I'm sure they used to be called asymmetric bars. Why the name change? Is it because people don't know what asymmetric means?
Asymmetric was always a bit of a misnomer though, because when viewed from the front - the view the gymnast has of them - they're symmetrical. I think "uneven" is a better description.
Are they dumbing-down the Olympics?
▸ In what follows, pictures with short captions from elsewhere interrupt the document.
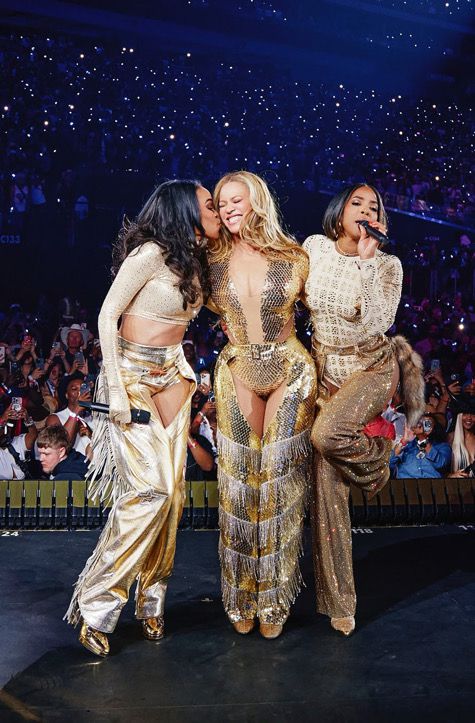 Destiny’s Child се събраха отново за изненадващо изпълнение по време на последния концерт на Бионсе 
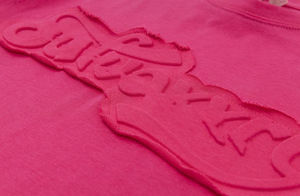 T-shirts unisexes vintage personnalisés OEM en coton épais 300 g/m² avec broderie vieillie, coupe oversize et courte pour hommes - Product Image 4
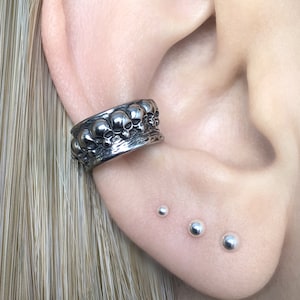 Cuff earring, ear cuff, no piercing earring, skull earring, skull ear cuff, Gothic earring, Gothic jewelry, skull jewelry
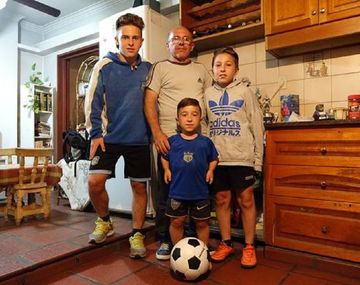 Diego, junto a sus hermanos Luciano y Lautaro, y su papá, Tito, en su casa del barrio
What next? "Usain Bolt wins the short-run-along and Andy Murray takes gold in hit-the-ball"?
Now try that for some of the cycling events.
#16
Posted 06 August 2012 - 10:59 AM
#17
Posted 06 August 2012 - 11:19 AM

http://funnypicturesplus.com/mo-farahs-historic-win-according-to-daily-mail.html
#18
Posted 06 August 2012 - 12:04 PM
I'm sure a lot of you will have seen this already, it's been doing the rounds on Twitter this a.m.:
surely that's a bogus excerpt. if anything like that was published in oz they'd lose their media licence faster than you could say racial discrimination.
#19
Posted 06 August 2012 - 12:06 PM
And with somewhat related news:
How Mo Farah rejected the "Plastic Brit" charge
Before the opening of the Olympics, the Daily Mail ran a series of stories on those athletes it called "plastic Brits". By this ugly term, it referred to those in the British team who were born overseas and later acquired citizenship. Under the guise of reporting a "controversy" (controversial to no one but itself), the paper complained that "11 per cent of the 542-strong squad were born abroad." Thus, as Sunder Katwala noted previously, competitors such as Mo Farah (born in Somalia) and Bradley Wiggins (born in Belgium) were, according to the Mail's definition, "plastic Brits".
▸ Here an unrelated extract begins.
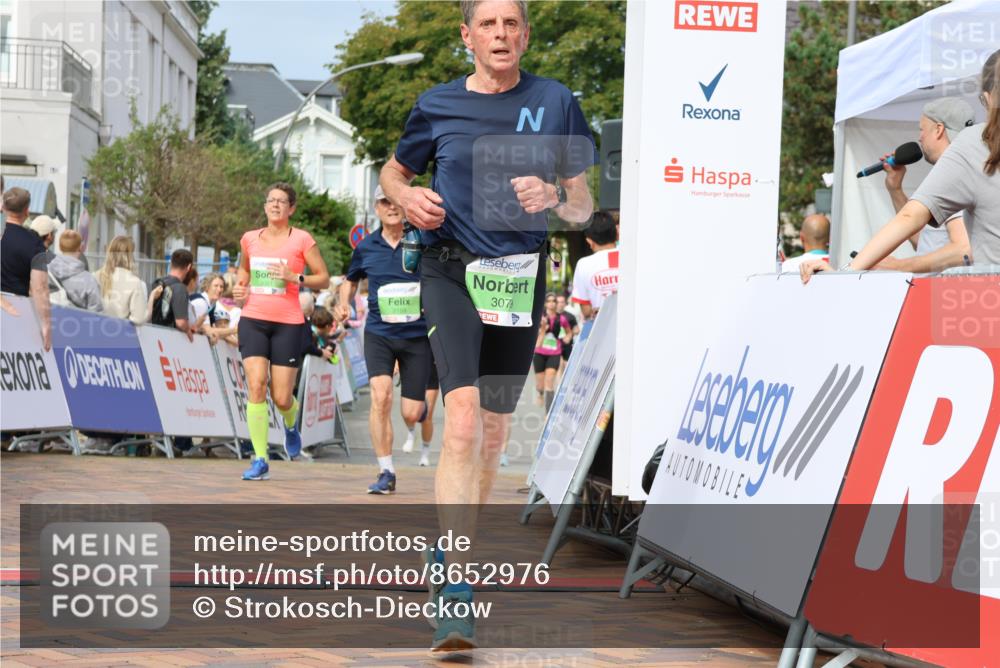 31.08.2025 - 21. Blankeneser Heldenlauf Strokosch-Dieckow http://msf.ph/oto/8652976 31.08.2025 11:08:49 Ziel 3393, 3159, 3081, 3079, 3231, 3036, 3643 meine-sportfotos.de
Now many of those same Brits have triumphed, my guess is that the Mail will quietly forget that it once disparaged them as "plastic". It may even use this moment to celebrate the successful multiethnic society it normally does so much to hinder (one witnesses a similar volte-face when overt racists such as Nick Griffin, whose party swims in the swamp of hatred created by the right-wing press, appear on Question Time or other public platforms and are noisily denounced by the Mail and the Daily Express).
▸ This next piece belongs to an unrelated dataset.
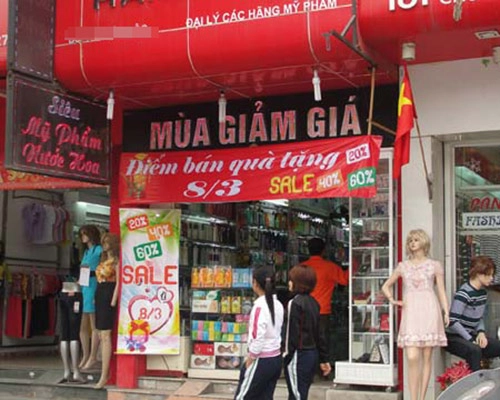 8-3 phái nữ hà nội đội mưa mua mỹ phẩm - 4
Should anyone revive the "plastic Brit" charge, however, here is how Mo Farah, his voice denoting impatience, responded last night when asked by one journalist if he would have preferred to run as a Somali.
"Look mate, this is my country.
This is where I grew up, this is where I started life. This is my country and when I put on my Great Britain vest I'm proud. I'm very proud."
Was the Mail listening?
http://www.newstates...tic-brit-charge
#20
Posted 06 August 2012 - 12:08 PM
surely that's a bogus excerpt. if anything like that was published in oz they'd lose their media licence faster than you could say racial discrimination.
It is genuine, although The Mail Online quickly edited it to change that sentence. People have Twitter and print screen though.
There are no media licences for print in the UK, they self regulate (at least for now). Online I don't think there's anything.